If Johnny can eat one apple in five minutes, how many apples can he eat in sixty minutes? If you do the math you get twelve apples, but Johnny's mother knows better because she's a realist. She knows he's going to start slowing down on the second apple and his little stomach—which is smaller than his eyes—will probably not accommodate the third apple.

Johnny's stomach has its limits. Johnny might be able to imagine eating twelve apples in one hour, and he might bet his lunch money that he's going to do it—but we know better. (Don't try this bet against Paul Newman, however. In Cool Hand Luke, he bet his prison inmates that he could eat fifty hard-boiled eggs, and won— which just proves that you shouldn't underestimate limits either.)

Knowing your limits is an important aspect of thinking about a problem. When you plan a long trip, you have to allow for a number of limits including the size of your gas tank, the speed limit, your budget, even your physical limitations.

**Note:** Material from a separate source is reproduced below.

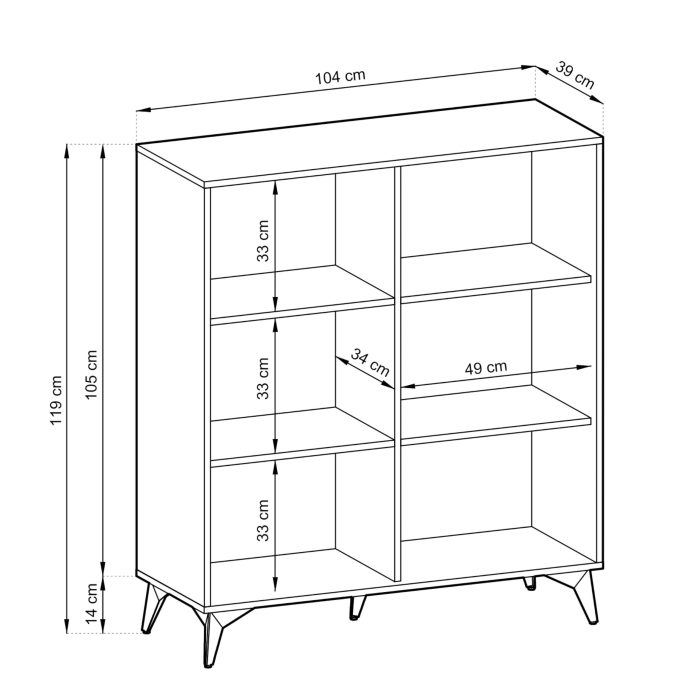 Jasper KD104 – Komoda, dąb evoke,czarny, szerokość 104 cm, wysokość 77 cm, głębokość 39 cm - obrazek 2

In rocket science, these limits are extraordinarily important. The amount of onboard propellant determines how long a spacecraft can continue to operate in space. In the multi-ton (mobile home sized) communications satellites that make MTV possible, the value of one year's worth of propellant is over \$100 million. That's just for one hundred pounds of propellant. The satellite itself is worth \$1 billion—until it runs out of precious station-keeping propellant, when its value goes down to zero. Then another satellite has to be launched into a 22,000-mile-high orbit. Amazingly, several of these satellites are launched every year.

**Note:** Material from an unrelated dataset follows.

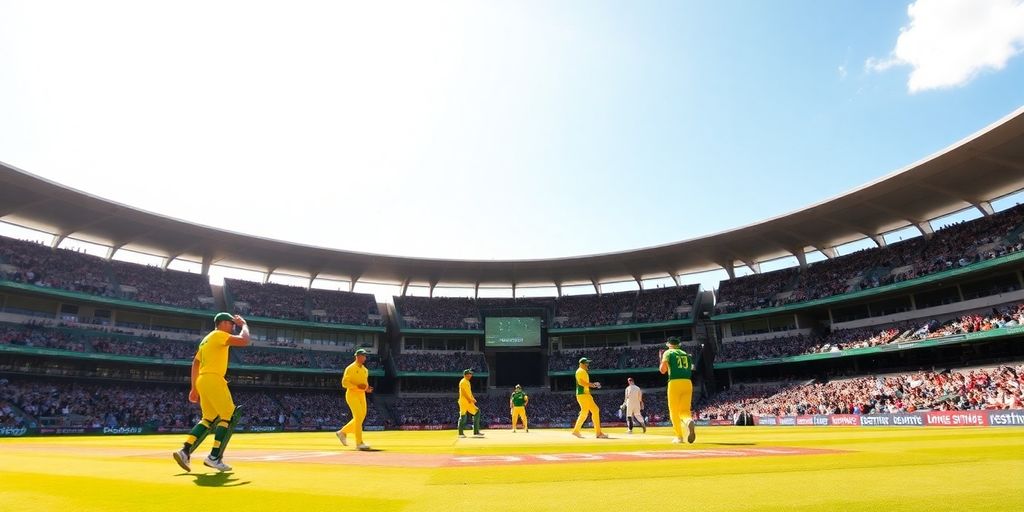 Cricket match action with Australian team in iconic uniforms.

When Armstrong and Aldrin landed on the moon, they had to deal with some very serious limits. They had to land softly enough to avoid damaging their spacecraft, they had to avoid obstacles, and they had to do it quickly—before their propellant ran out—or they'd fall to their deaths on the lunar surface.

Unfortunately, the Apollo 11 lunar module missed its landing site by four miles (due to a one inch per second velocity error at the beginning of their descent orbit), and Neil and Buzz found themselves hovering over a boulder-strewn field. They had a fuel gauge that was as inaccurate as the one in your car. (We can go to the moon, but why can't we make an accurate gas gauge?) Mission Control back in Houston anxiously called out, "sixty seconds," their estimate of how much longer the fuel would last. Then, "Thirty seconds." Then they waited and listened. Buzz Aldrin read off altitudes and descent speeds, "forty feet, two and a half down. Picking up some dust."

By this time the fuel gauge was on empty. But you know when your car's gas gauge is on empty how it might still have a gallon left—or it might be bone dry? It depends on the car. The lunar module fuel gauge had an error of about 2 percent—and it was registering empty. They could run out of fuel at any second.

Finally Neil Armstrong called out, "Houston, Tranquility Base here. The Eagle has landed."

To which Mission Control replied, "Roger, Tranquility, we copy you on the ground. You've got a bunch of guys about to turn blue. We're breathing again. Thanks a lot."

So the moral of our story is that when you try to solve problems that have all sorts of limits, you are thinking like the rocket scientists and the astronauts who made the first landing on the moon happen. It is easy and fun to say, "Think outside of the box," and there is a time for that kind of thinking. But when you want to get real, you have to stay inside the constraint box—that's where the challenge is.